→ **Exercise directions**:
Print every entry, word for word, and skip the images.

*** Data shown Section Begins ***

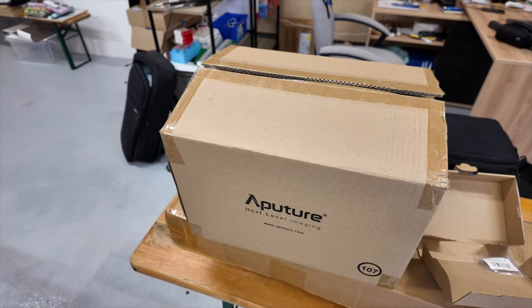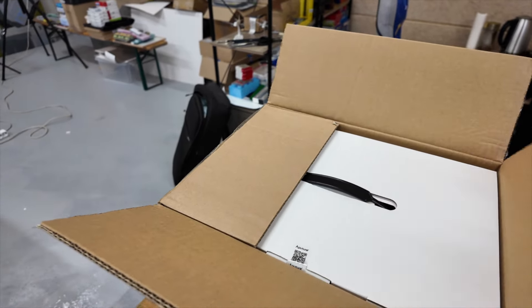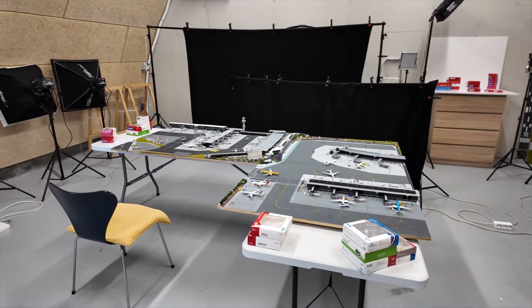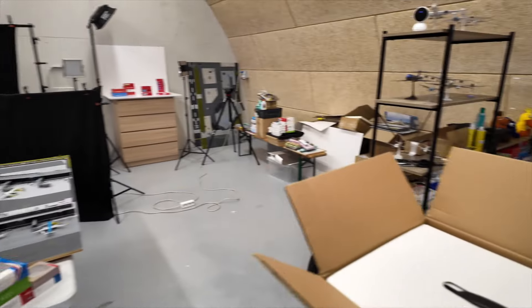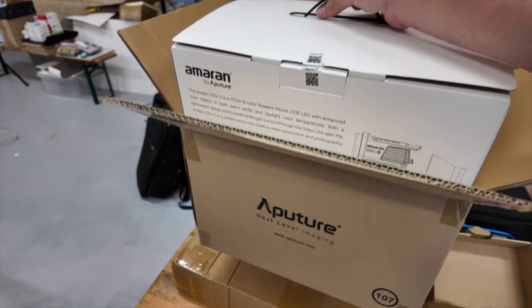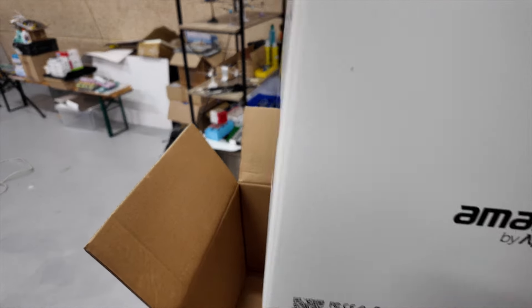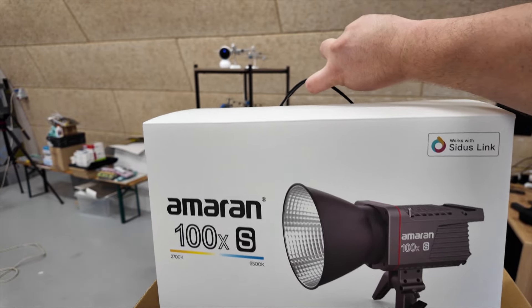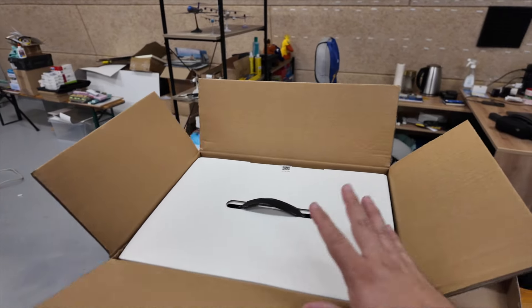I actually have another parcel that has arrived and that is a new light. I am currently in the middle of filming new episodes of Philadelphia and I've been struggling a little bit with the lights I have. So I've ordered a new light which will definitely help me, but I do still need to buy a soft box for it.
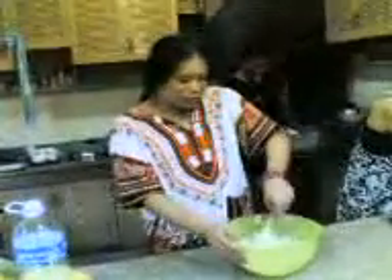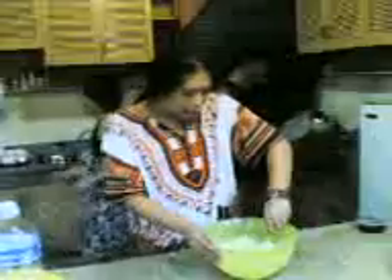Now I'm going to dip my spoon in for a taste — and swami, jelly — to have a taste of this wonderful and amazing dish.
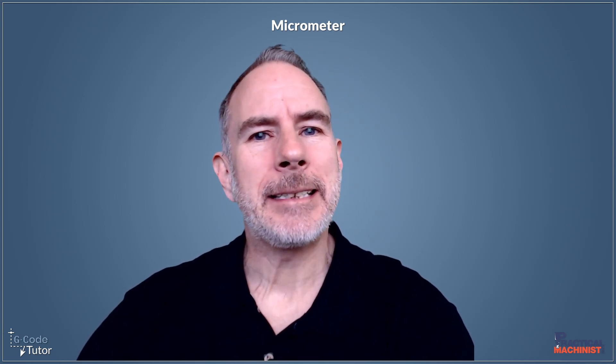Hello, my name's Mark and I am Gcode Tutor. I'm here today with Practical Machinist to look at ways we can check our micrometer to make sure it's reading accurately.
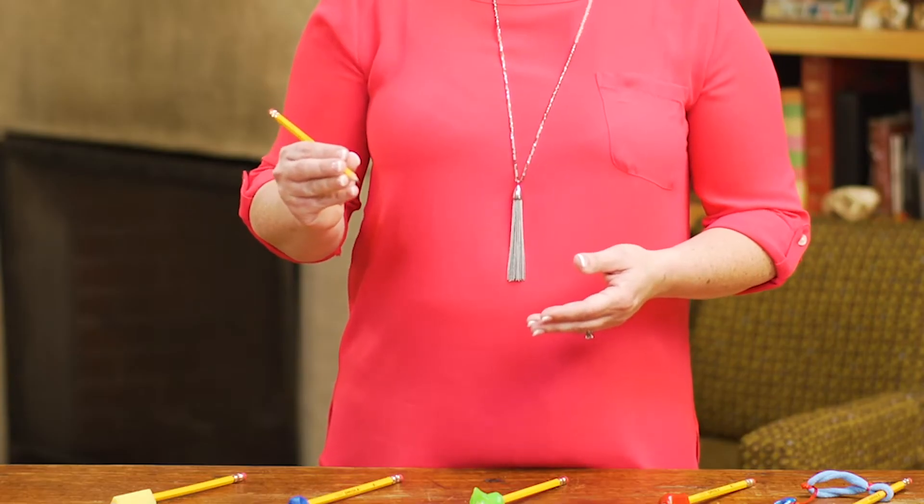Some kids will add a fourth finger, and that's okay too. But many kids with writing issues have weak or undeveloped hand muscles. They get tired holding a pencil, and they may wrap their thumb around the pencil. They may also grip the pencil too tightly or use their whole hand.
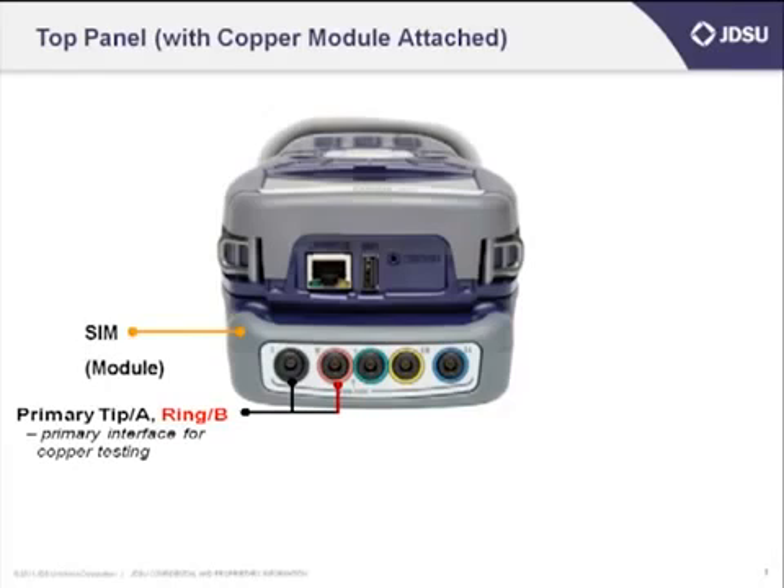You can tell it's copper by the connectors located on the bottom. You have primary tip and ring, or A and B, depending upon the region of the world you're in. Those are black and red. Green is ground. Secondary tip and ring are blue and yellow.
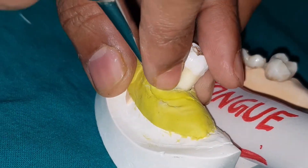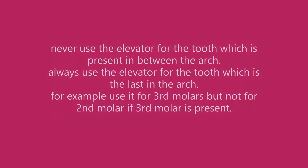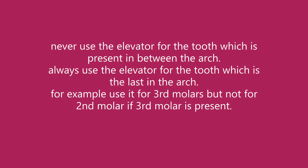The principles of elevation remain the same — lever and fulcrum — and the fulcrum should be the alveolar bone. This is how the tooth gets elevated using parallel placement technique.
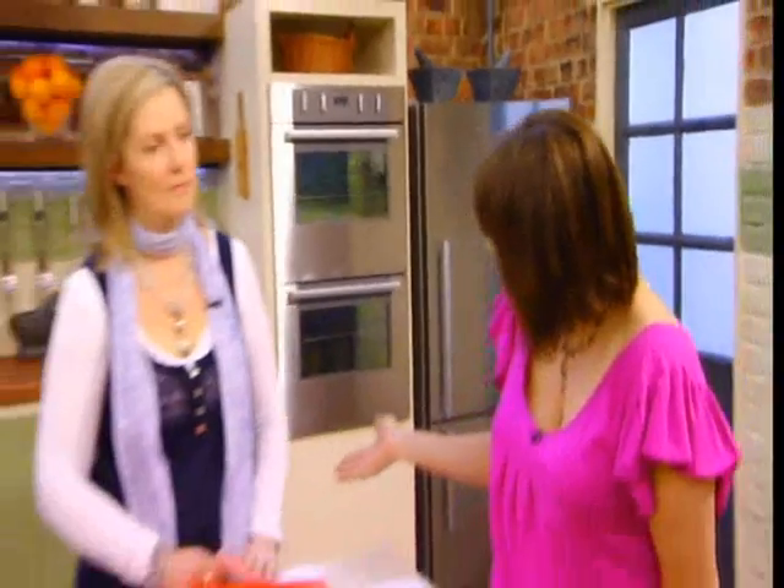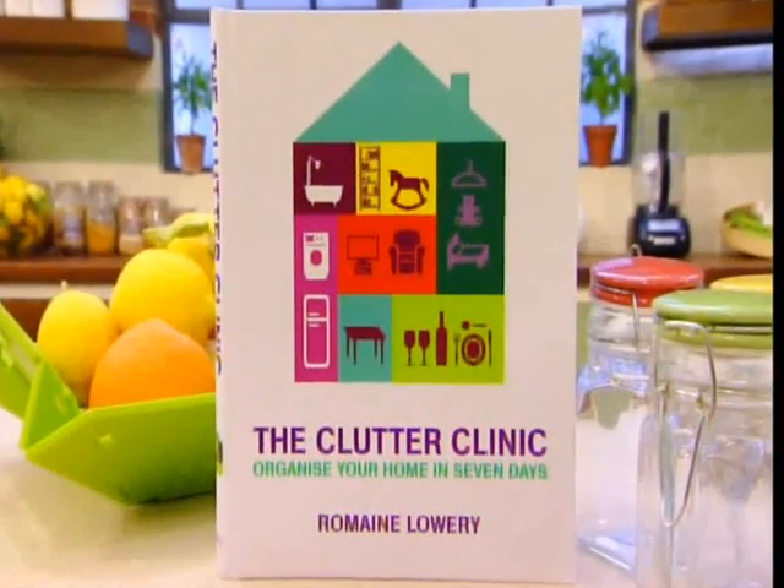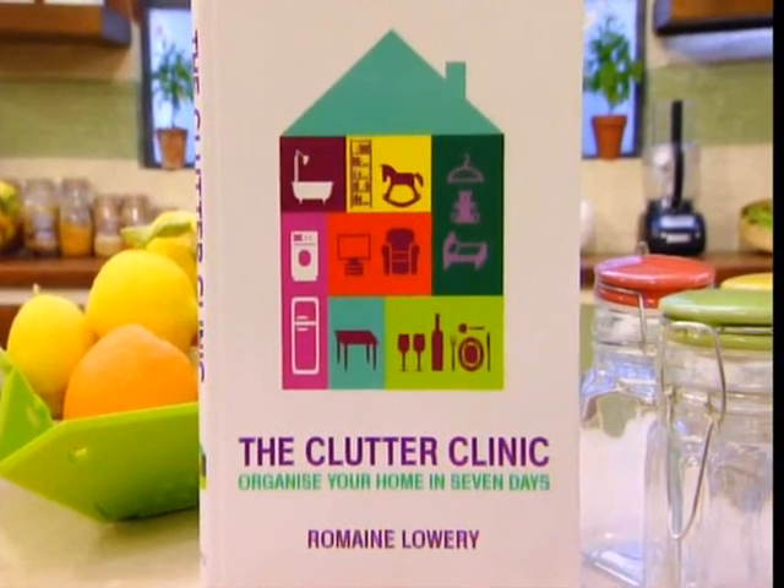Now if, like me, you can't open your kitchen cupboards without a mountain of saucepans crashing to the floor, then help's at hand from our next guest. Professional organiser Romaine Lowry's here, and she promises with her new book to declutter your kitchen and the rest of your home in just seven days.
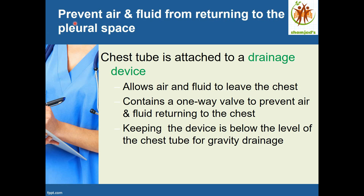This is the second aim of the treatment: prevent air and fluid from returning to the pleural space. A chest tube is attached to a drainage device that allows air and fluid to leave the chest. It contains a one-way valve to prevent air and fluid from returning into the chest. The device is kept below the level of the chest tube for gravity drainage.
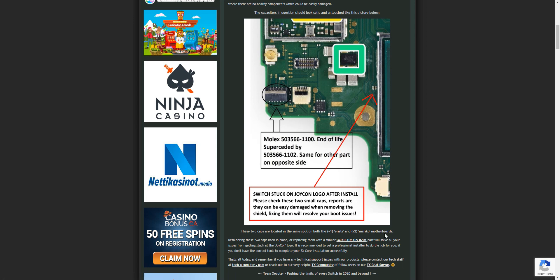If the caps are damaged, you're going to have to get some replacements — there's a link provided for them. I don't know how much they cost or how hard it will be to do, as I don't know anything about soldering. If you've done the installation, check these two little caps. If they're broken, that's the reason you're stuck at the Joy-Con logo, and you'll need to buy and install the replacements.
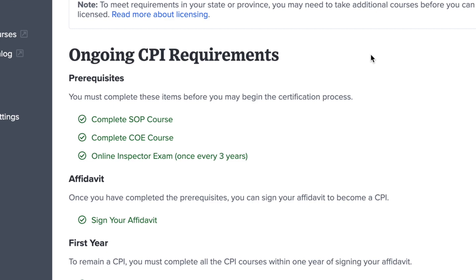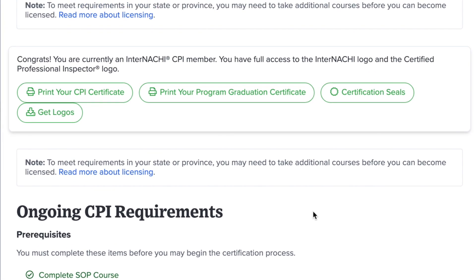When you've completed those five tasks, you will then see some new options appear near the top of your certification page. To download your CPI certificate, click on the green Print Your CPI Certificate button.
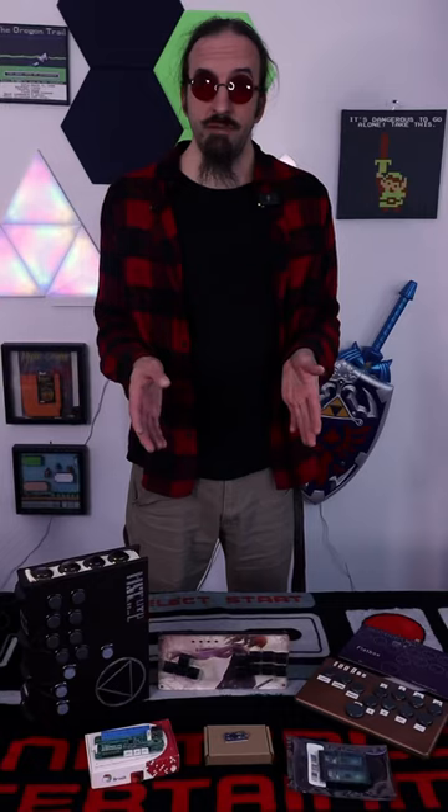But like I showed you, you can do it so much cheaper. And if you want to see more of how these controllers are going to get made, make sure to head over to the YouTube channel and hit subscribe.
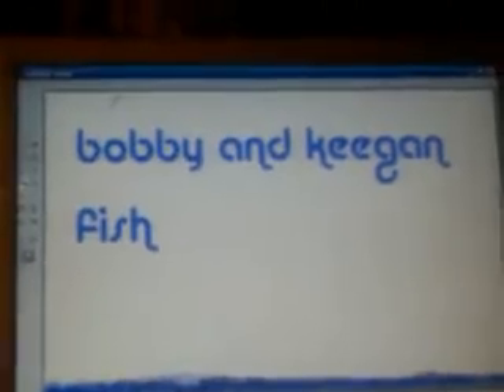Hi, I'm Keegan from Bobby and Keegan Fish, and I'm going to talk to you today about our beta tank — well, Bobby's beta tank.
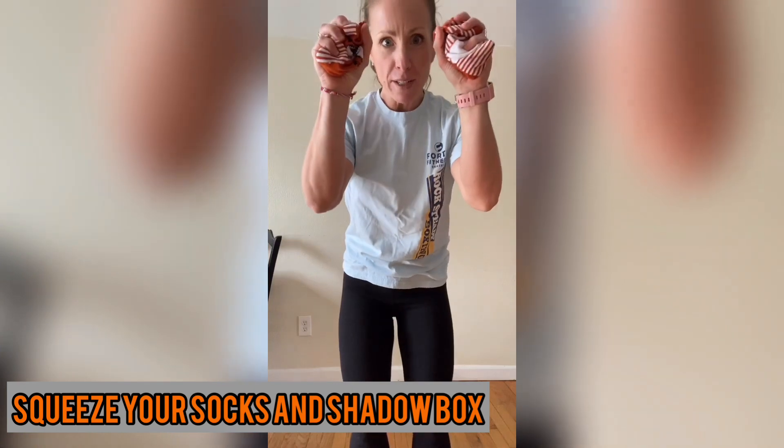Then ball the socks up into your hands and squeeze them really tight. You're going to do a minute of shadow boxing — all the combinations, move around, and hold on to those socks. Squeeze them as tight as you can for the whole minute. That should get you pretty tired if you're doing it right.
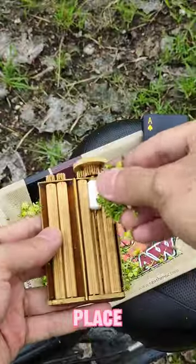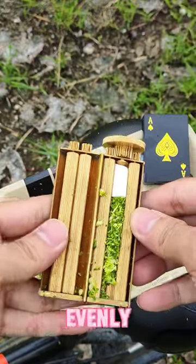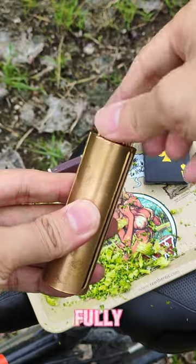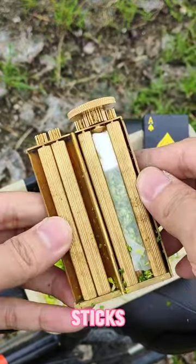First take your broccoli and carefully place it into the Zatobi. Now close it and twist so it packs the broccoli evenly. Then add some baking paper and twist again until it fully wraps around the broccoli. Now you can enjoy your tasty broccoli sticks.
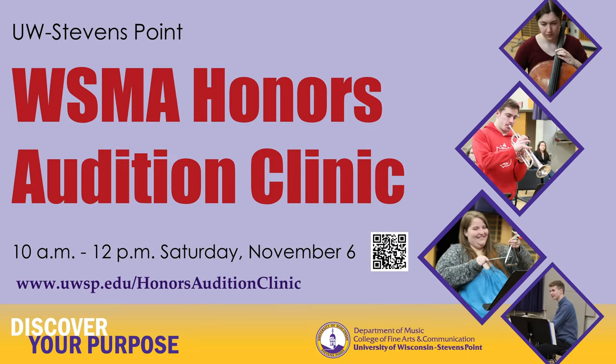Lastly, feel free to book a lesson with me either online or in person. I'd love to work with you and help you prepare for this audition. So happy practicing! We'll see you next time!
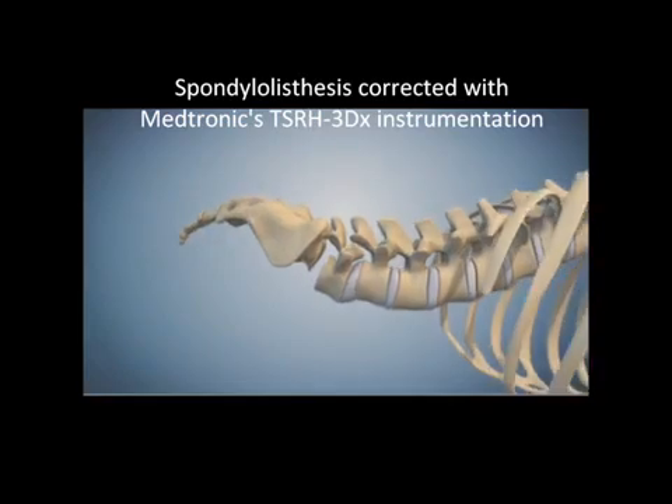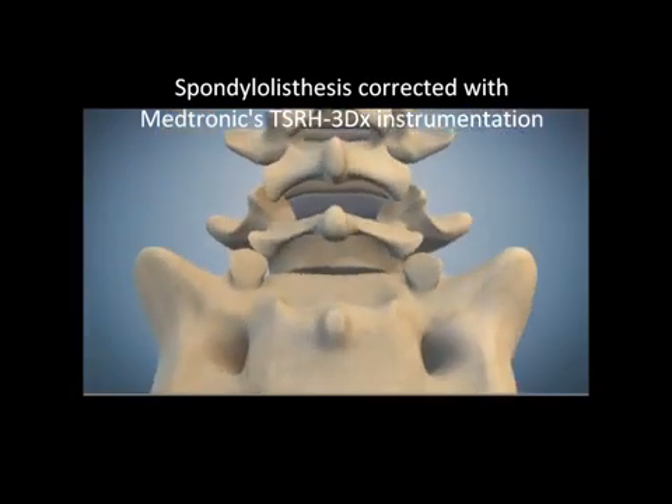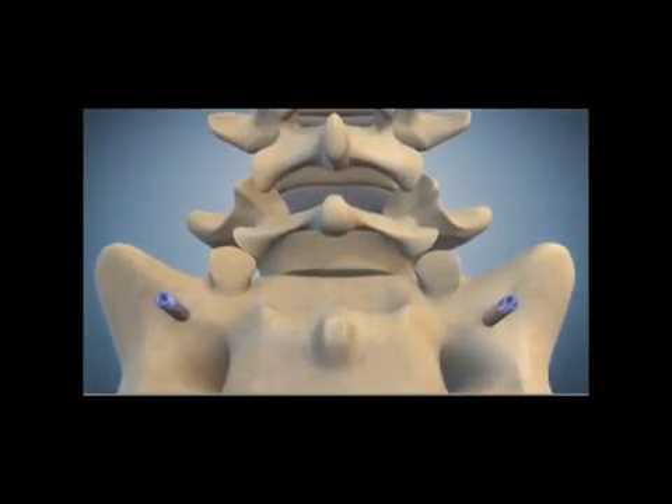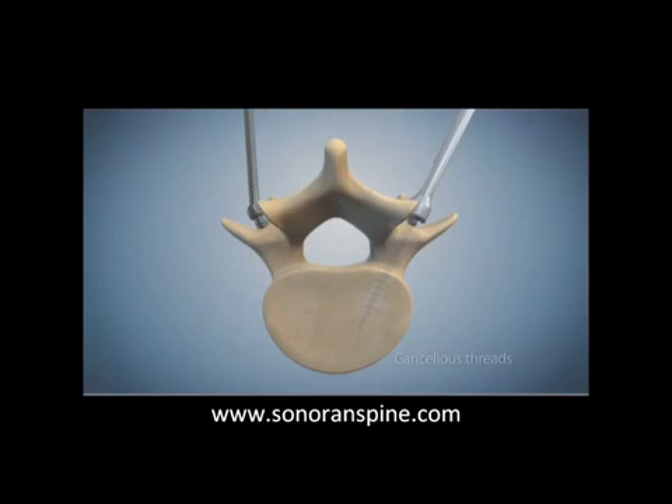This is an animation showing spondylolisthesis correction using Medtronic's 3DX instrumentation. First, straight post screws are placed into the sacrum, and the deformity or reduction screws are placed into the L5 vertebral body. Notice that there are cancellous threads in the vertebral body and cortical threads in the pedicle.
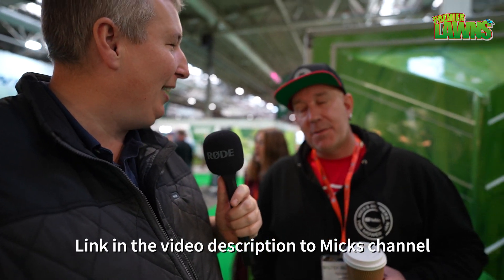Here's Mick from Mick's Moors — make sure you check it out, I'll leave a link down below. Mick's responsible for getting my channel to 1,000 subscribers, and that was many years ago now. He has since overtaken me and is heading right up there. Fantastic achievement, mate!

*** Data shown Section Ends ***

→ **Written answer**:
I actually have another parcel that has arrived and that is a new light. I am currently in the middle of filming new episodes of Philadelphia and I've been struggling a little bit with the lights I have. So I've ordered a new light which will definitely help me, but I do still need to buy a soft box for it.
Now I'm going to dip my spoon in for a taste — and swami, jelly — to have a taste of this wonderful and amazing dish.
Hello, my name's Mark and I am Gcode Tutor. I'm here today with Practical Machinist to look at ways we can check our micrometer to make sure it's reading accurately.
Some kids will add a fourth finger, and that's okay too. But many kids with writing issues have weak or undeveloped hand muscles. They get tired holding a pencil, and they may wrap their thumb around the pencil. They may also grip the pencil too tightly or use their whole hand.
You can tell it's copper by the connectors located on the bottom. You have primary tip and ring, or A and B, depending upon the region of the world you're in. Those are black and red. Green is ground. Secondary tip and ring are blue and yellow.
The principles of elevation remain the same — lever and fulcrum — and the fulcrum should be the alveolar bone. This is how the tooth gets elevated using parallel placement technique.
Now if, like me, you can't open your kitchen cupboards without a mountain of saucepans crashing to the floor, then help's at hand from our next guest. Professional organiser Romaine Lowry's here, and she promises with her new book to declutter your kitchen and the rest of your home in just seven days.
This is the second aim of the treatment: prevent air and fluid from returning to the pleural space. A chest tube is attached to a drainage device that allows air and fluid to leave the chest. It contains a one-way valve to prevent air and fluid from returning into the chest. The device is kept below the level of the chest tube for gravity drainage.
If the caps are damaged, you're going to have to get some replacements — there's a link provided for them. I don't know how much they cost or how hard it will be to do, as I don't know anything about soldering. If you've done the installation, check these two little caps. If they're broken, that's the reason you're stuck at the Joy-Con logo, and you'll need to buy and install the replacements.
When you've completed those five tasks, you will then see some new options appear near the top of your certification page. To download your CPI certificate, click on the green Print Your CPI Certificate button.
But like I showed you, you can do it so much cheaper. And if you want to see more of how these controllers are going to get made, make sure to head over to the YouTube channel and hit subscribe.
Hi, I'm Keegan from Bobby and Keegan Fish, and I'm going to talk to you today about our beta tank — well, Bobby's beta tank.
Then ball the socks up into your hands and squeeze them really tight. You're going to do a minute of shadow boxing — all the combinations, move around, and hold on to those socks. Squeeze them as tight as you can for the whole minute. That should get you pretty tired if you're doing it right.
First take your broccoli and carefully place it into the Zatobi. Now close it and twist so it packs the broccoli evenly. Then add some baking paper and twist again until it fully wraps around the broccoli. Now you can enjoy your tasty broccoli sticks.
Lastly, feel free to book a lesson with me either online or in person. I'd love to work with you and help you prepare for this audition. So happy practicing! We'll see you next time!
This is an animation showing spondylolisthesis correction using Medtronic's 3DX instrumentation. First, straight post screws are placed into the sacrum, and the deformity or reduction screws are placed into the L5 vertebral body. Notice that there are cancellous threads in the vertebral body and cortical threads in the pedicle.
Here's Mick from Mick's Moors — make sure you check it out, I'll leave a link down below. Mick's responsible for getting my channel to 1,000 subscribers, and that was many years ago now. He has since overtaken me and is heading right up there. Fantastic achievement, mate!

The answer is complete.